A Few Thoughts on Philip Seymour Hoffman, Addiction and True Tragedy

Last weekend Bryan asked me to join him watching a movie – Synecdche, New York, written and directed by Charlie Kaufman. This movie tells the story of a troubled New York playwright who is obsessed with his own mortality and sets out to construct a massive play that he hopes will give meaning to his life. Now I’m not a fan of Kaufman’s movies, so this one wasn’t high on my priority list of films to see. But I decided to give it a chance for one reason only: Philip Seymour Hoffman.

I finished the movie with the same opinion of Charlie Kaufman as I did before starting Synecdche. But there was one opinion I had that was confirmed by this trippy film. Hoffman – who played the lead in Synecdche, New York – was nothing short of brilliant.

Hoffman was one of the greatest actors I’ve ever watched, embodying his characters so much that it was almost eerie. Just like in Synecdche, he brought immense talent and realism to the screen that you actually forget it is Hoffman playing a character at all.


I was shocked when I heard about Hoffman’s death this past Sunday. I am devastated when I think about the talent that is lost and his children who are left without a father. And I’m haunted thinking about the manner in which he died and the demons that must have plagued his life so deeply.

But more than the sadness, I’ve been almost speechless at the comments people are writing throughout the Interwebs — how Hoffman chose drugs over his life, that he was selfish and wanted to die.

Addiction is a scary, all-consuming beast. Drug addiction, alcoholism, gambling, sex addiction, shoplifting, smoking, over-eating, over-spending … taken to the extreme, these are all addictions that can be as dangerous as shooting heroin.

People don’t set out to become addicts. It’s not a career objective that’s written at the top of a resume. Addiction is a way of life that becomes almost inescapable.

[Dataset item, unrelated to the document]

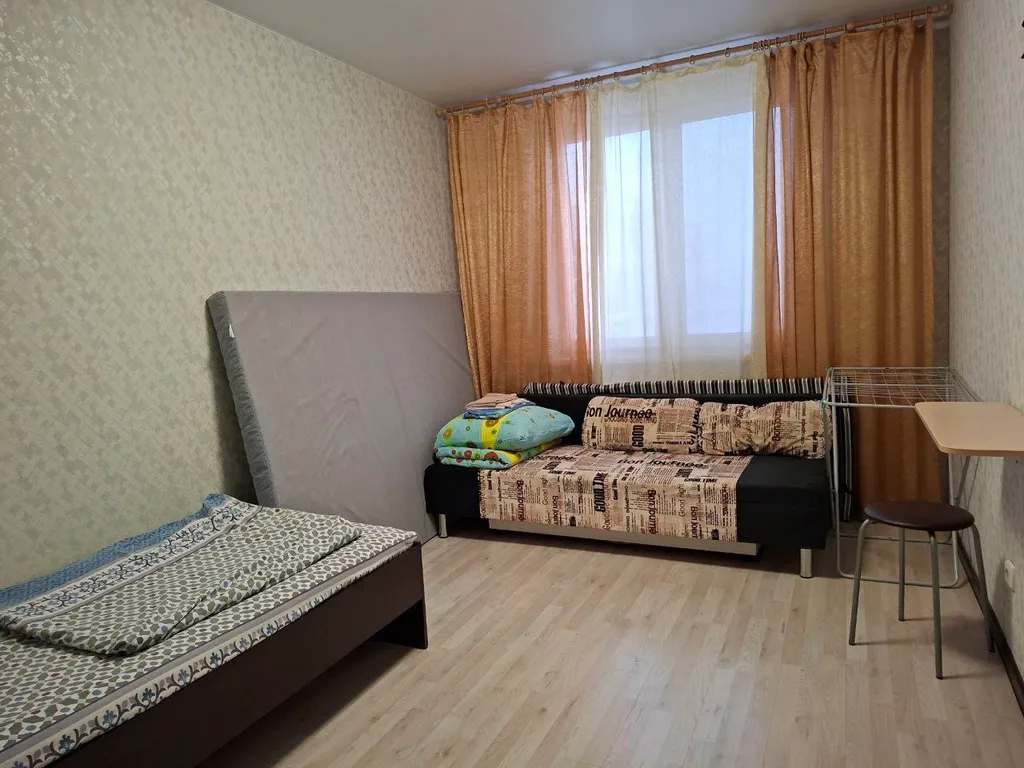 Просторная квартира на новогодние праздники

It saddens me that people pass judgment about Hoffman’s life (and so many others) without for a minute thinking about how much pain (physical and emotional) he must have been in at the time he died.

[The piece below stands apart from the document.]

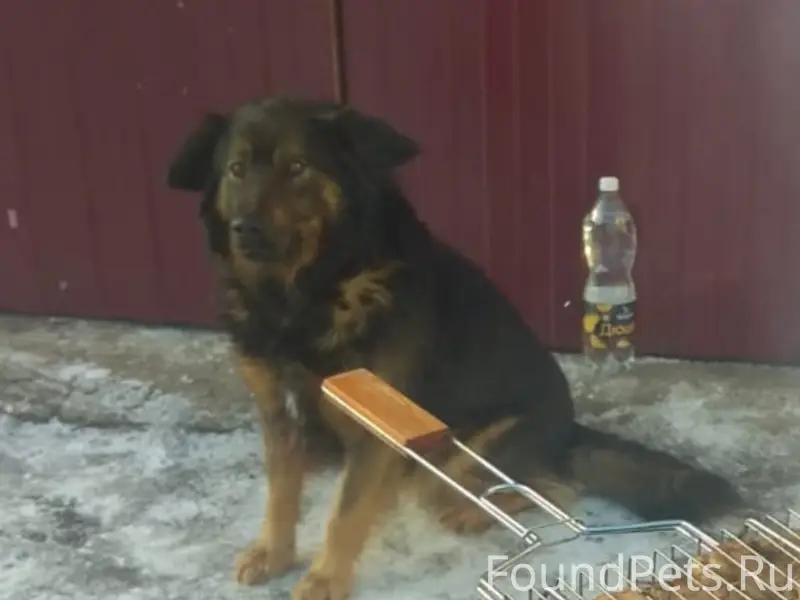 Пропал кобель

I personally cannot go a day without a cup of coffee or two Excedrin because otherwise I will be overtaken by a horrible caffeine-withdrawal headache. Do you think I’d like to stop consuming caffeine? Absolutely! But you know what happens? The headache takes over and all I want is relief from pain.

Now I’m just talking about caffeine, a legal substance. Can you imagine the physical pain a heroin addict is in? I, for one, cannot. And I’d be willing to bet that a lot of the other people on the Interwebs passing judgment about Hoffman’s choices cannot imagine it either.


I am glad we watched Synecdche, New York the week before Hoffman died. I think it would be too heartbreaking to watch now, mainly to see Hoffman play such a sad and lonely man, trudging through a very difficult life, full of utter pain. More to the point, it would be too difficult for me to watch Hoffman portray not just another amazing character, but himself on screen.